• _Required work_
Transcribe the data that follows without changing a word, and omit the pictures.

• _Input data_
# # # # #
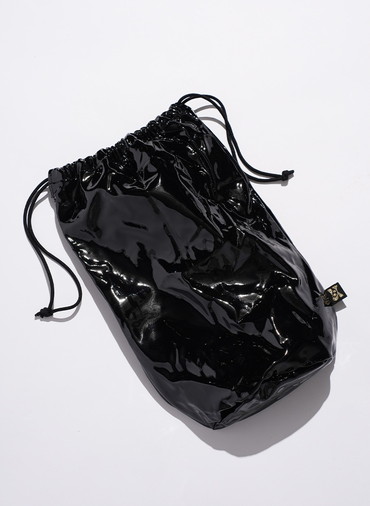 SUBU DOTS VAMP ENAMEL BLACK  詳細画像 Black 6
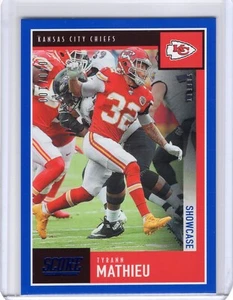 2020 Panini Score Showcase #141 Tyrann Mathieu 40/100 - Picture 1 of 2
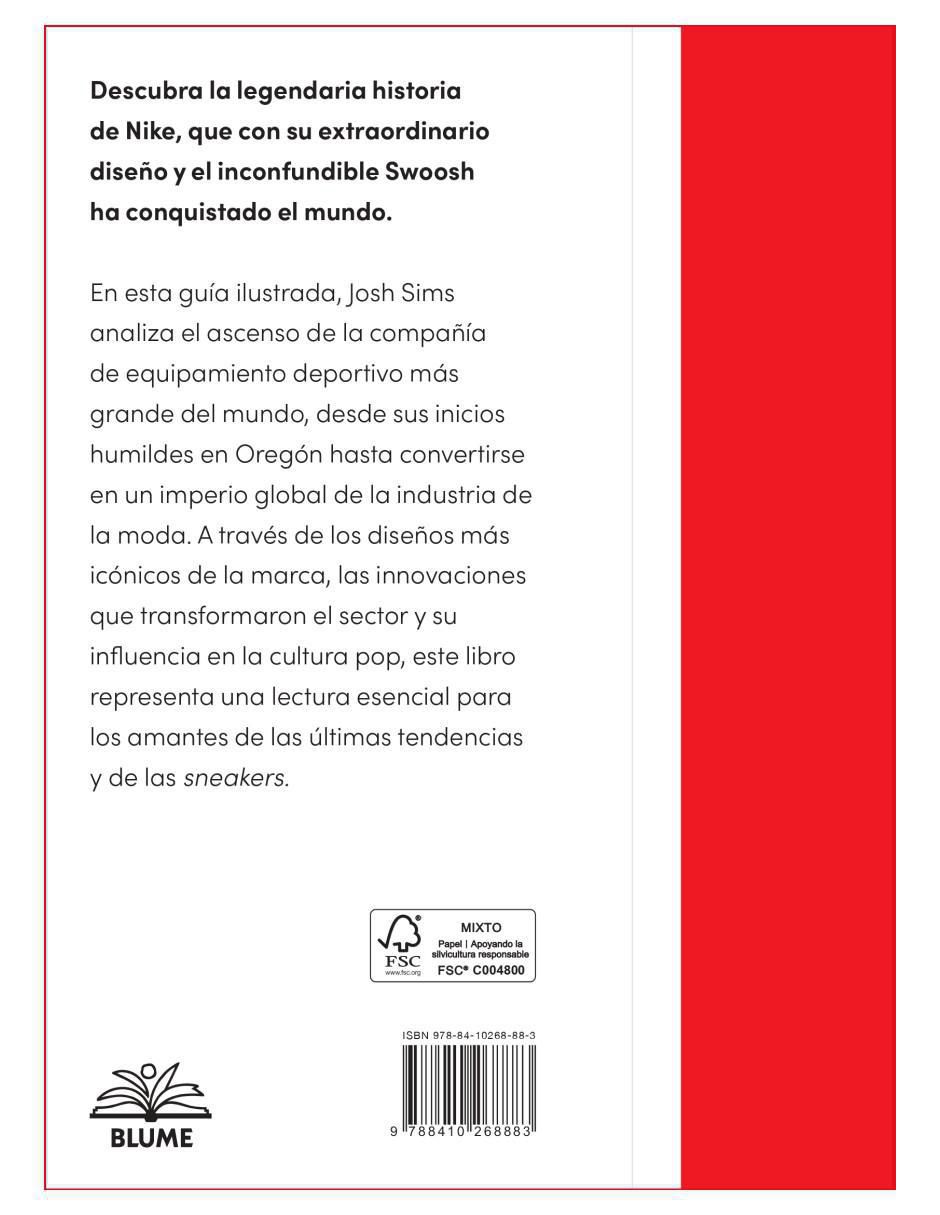 Libro Pequeño libro de Nike. La historia de la Icónica marca deportiva de Josh Sims 6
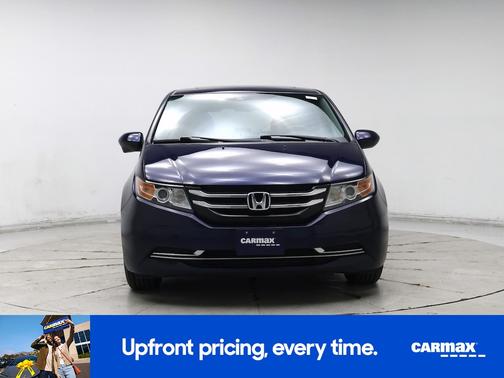 Blue 2016 Honda Odyssey EX-L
# # # # #
• _Exercise output_
 SUBU DOTS VAMP ENAMEL BLACK  詳細画像 Black 6
 2020 Panini Score Showcase #141 Tyrann Mathieu 40/100 - Picture 1 of 2
 Libro Pequeño libro de Nike. La historia de la Icónica marca deportiva de Josh Sims 6
 Blue 2016 Honda Odyssey EX-L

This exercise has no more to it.